Field Vane Test (FVT)
The Field Vane Test (FVT) is performed in accordance with NEN-EN-ISO 22476-9 class 1 FVTa. SOCOTEC has a so-called “protected version” of A.P. van den Berg’s FVT; see the figure below to the right. The advantage of this is that it is relatively easy to push through intermediate sand layers, no drilling is therefore necessary if intermediate sand layers are present in the underground.
It is a fully digital FVT, where the torque is applied and measured in the FVT itself, and not transmitted through rods. This results in the highest accuracy measurements.
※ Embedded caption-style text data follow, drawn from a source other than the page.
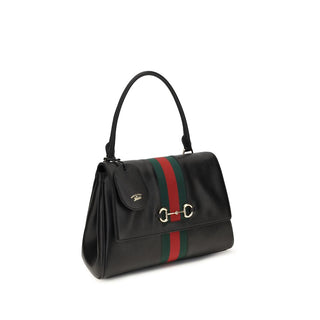Bolso de mano de cuero de becerro negro Bos Taurus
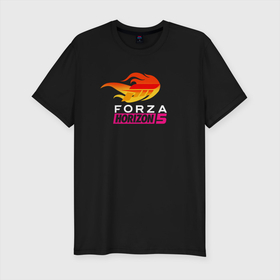 Мужская футболка хлопок Slim с принтом Forza Horizon 5 logo в Тюмени, 92% хлопок, 8% лайкра | приталенный силуэт, круглый вырез ворота, длина до линии бедра, короткий рукав | auto | cars | forza | forza horizon | forza horizon 5 | game | horizon
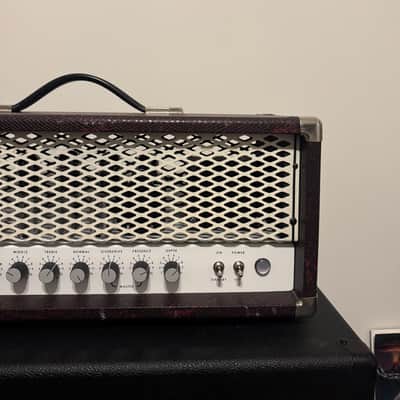 Soldano SLO-100 C3 Amps Clone, Burgundy Snakeskin, White Grille, Excellent image 3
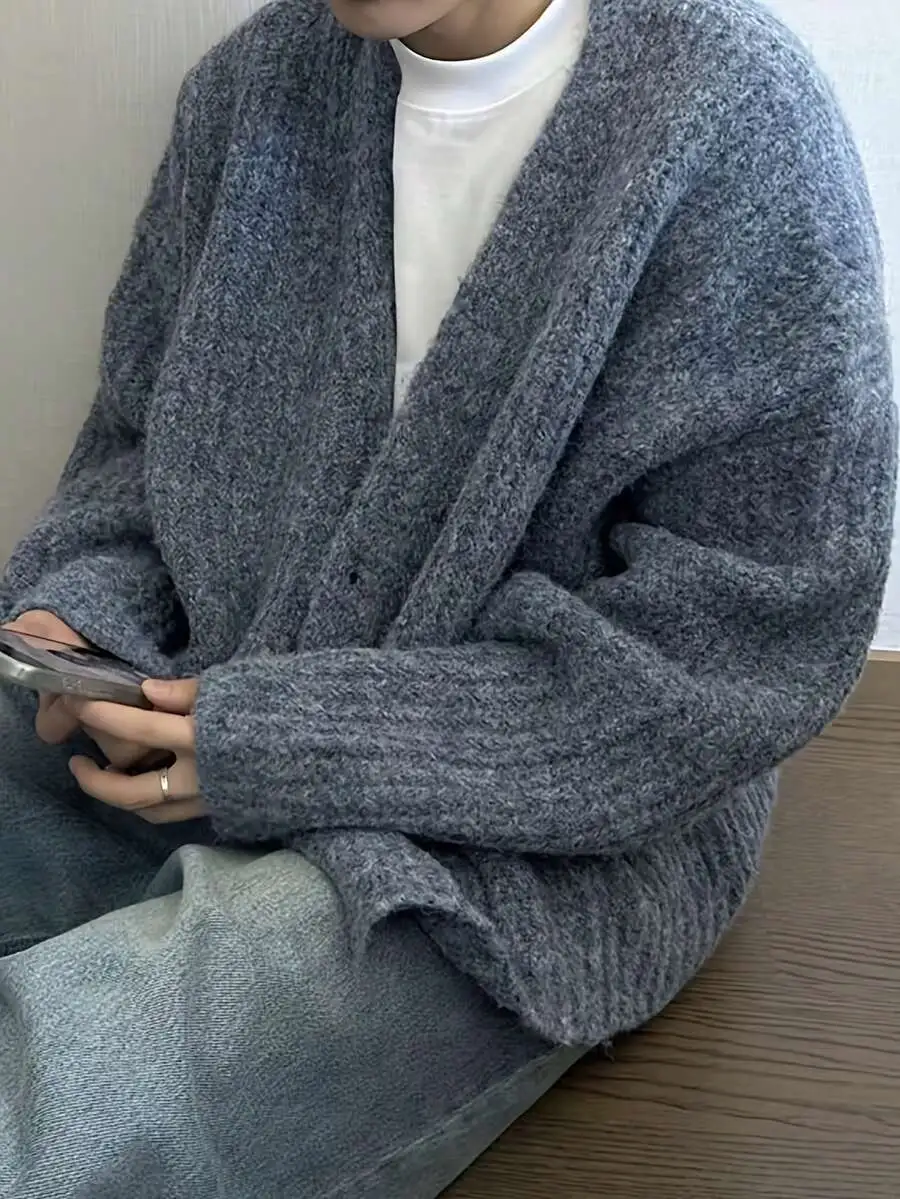 柔らかい ニット カーディガン セーター ゆったり カジュアル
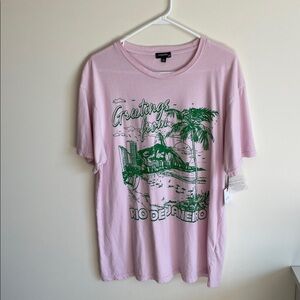 Pink Graphic T-Shirt with Green Print
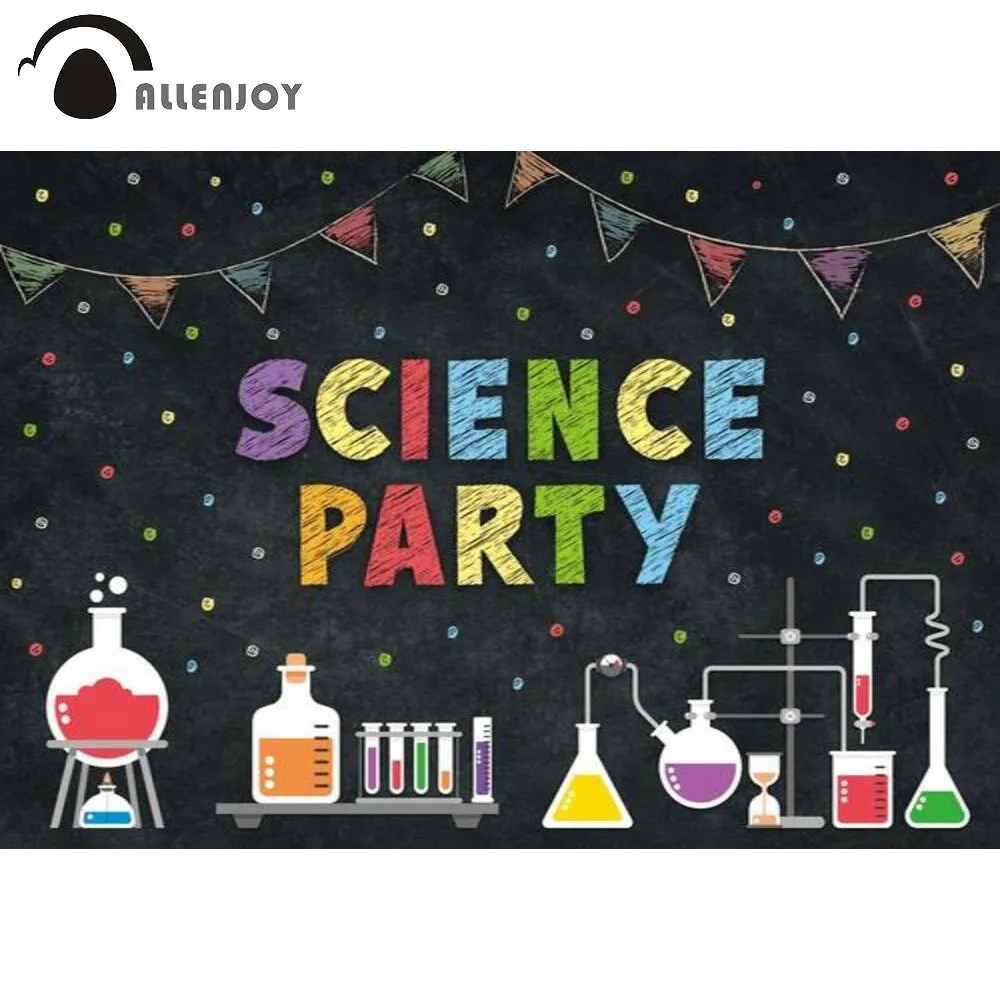 Allenjoy Science Party Backdrop Back to School Blackboard Experiment Study Hard Teacher Student Background Photocall Photo Zone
An FVT is used to determine the undrained shear strength of the underground (silt, clay and peat) in situ. The undrained shear strength of the underground is important if loads have to be absorbed relatively quickly. This could include, for example, a water barrier that has to withstand a high wave, embankments for a road structure, but also a crane hardstand. Especially in the case of a crane hardstand with silt, clay or peat layers in the underground, the undrained shear strength is essential. If an undrained failure mechanism is the standard, the surface area of the required pad platform is directly proportional to the undrained shear strength. Halving the undrained shear strength therefore means doubling the surface area of the pads and of course vice versa! Problems with crane hardstands often arise because the undrained shear strength has been estimated too optimistically beforehand.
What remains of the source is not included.